10/10
Exceptional Whodunit
9 December 2008
This superbly written and acted soap opera brought writer/director Joseph L. Mankiewicz Best Director and Best Screenplay Oscars the year before he repeated the exact same wins with "All About Eve," to my knowledge the only time that's happened.

Jeanne Crain, Ann Sothern and Linda Darnell play three friends who go off on a children's' outing for the day. Before they leave, they receive a letter from the fourth member of their circle, the enigmatic Addie Ross, who tells them she has run off with one of their husbands. The rest of the film plays out like a murder mystery, each woman thinking back over her marriage and wondering if her husband's the guilty party.

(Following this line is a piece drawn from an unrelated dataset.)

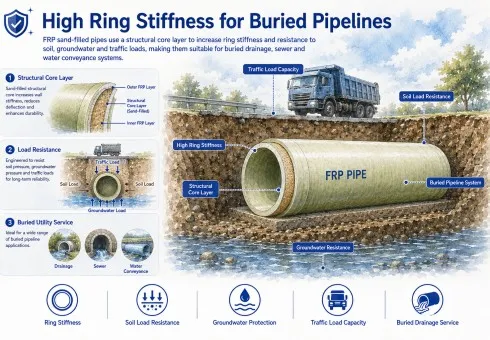 High Ring Stiffness for Buried Pipelines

In both this and "All About Eve," Mankiewicz proved himself to be a wonderful writer for women. He had a knack for addressing some of the negative aspects of the female personality, but in a way that felt honest rather than stereotypical. Many of the usual "types" are present in this film -- the career woman, the golddigger, the man stealer -- but the women themselves are so richly written that they're not easily pigeonholed. Crain plays the country bumpkin who feels inadequate among her affluent husband's set; Sothern is the working woman who begins to lose her identity to a job; Darnell is the aforementioned golddigger who treats marriage like a business deal. All three actresses give lovely performances, especially Sothern and Darnell, and the film builds a great deal of suspense as it works toward its revealing conclusion.

The supporting cast features Kirk Douglas and Paul Douglas as two of the husbands; Thelma Ritter, unsurprisingly stealing scenes as Sothern's maid; and Celeste Holm, heard but never seen as the voice of Addie Ross.